SHANGHAI (Reuters) – China’s securities regulator released draft rules on Friday to strengthen supervision of company listings, delistings and computerized trading programs, aiming to improve the stock market and protect interests of investors.
The China Securities Regulatory Commission (CSRC) will raise the bar on initial public offerings (IPOs), force unqualified companies to delist and strengthen supervision of high-frequency trading, according to a draft rules submitted to the public.
Chinese authorities are stepping up efforts to revive investor confidence in the world’s second-largest stock market. The blue chip index has rebounded from five-year lows hit in February, but is still struggling to stand on its feet.
“We will move towards people-centered value and protect investors, especially small investors, more effectively,” CSRC Chairman Wu Qing said in an article published on the watchdog’s website.
“We will set up a comprehensive supervision system so as to regulate with ‘tooth and thorns,'” said Wu, who earned the nickname “butcher broker” during an earlier period of regulation.
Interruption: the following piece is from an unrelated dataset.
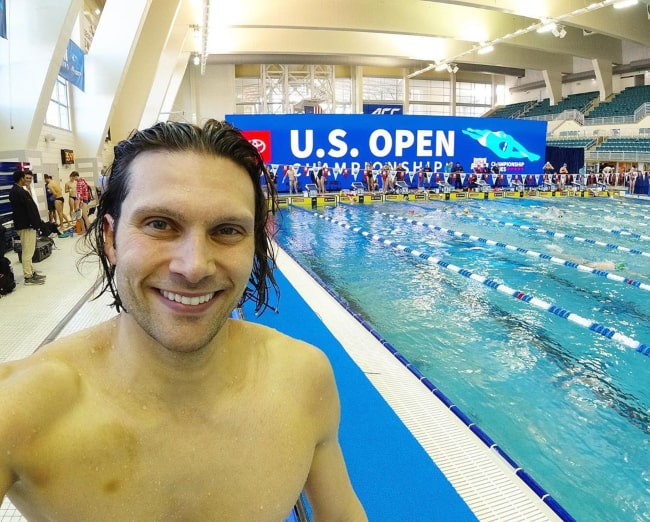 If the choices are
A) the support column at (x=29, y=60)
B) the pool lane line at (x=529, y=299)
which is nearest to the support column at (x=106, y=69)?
the support column at (x=29, y=60)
To improve the quality of listed companies, the CSRC said it plans to moderately increase listing requirements in terms of sales and net profit for companies seeking to list on the main board and technology-focused ChiNext.
The bar will also be raised for companies targeting Shanghai’s tech-focused STAR Market.
Meanwhile, regulators will increase the number of randomly selected on-site inspections to 20% of listing applicants, from 5% previously. The number of on-site inspections of insurers will also be increased, the CSRC said.
PROGRAM TRADING
The CSRC also proposed stricter control of program trading and high-frequency trading to maintain market fairness.
The regulator already cracked down on data-driven quantitative funds earlier this year, saying some institutions get an unfair advantage over retail investors. In February, Chinese stock exchanges banned a quantum fund manager from trading for three days, saying he had broken trading order rules.
The trading program, in which orders are entered automatically using computers, “must comply with the principle of fairness and must not endanger the trading system or disturb the market order,” CSRC said in draft rules on Friday .
The rules require the creation of a reporting system for the trading program, with high-frequency trading subject to higher disclosure requirements and higher commissions.
Both domestic and foreign capital will be included in the transaction reporting system and will be subject to the same transaction monitoring standards, the CSRC added.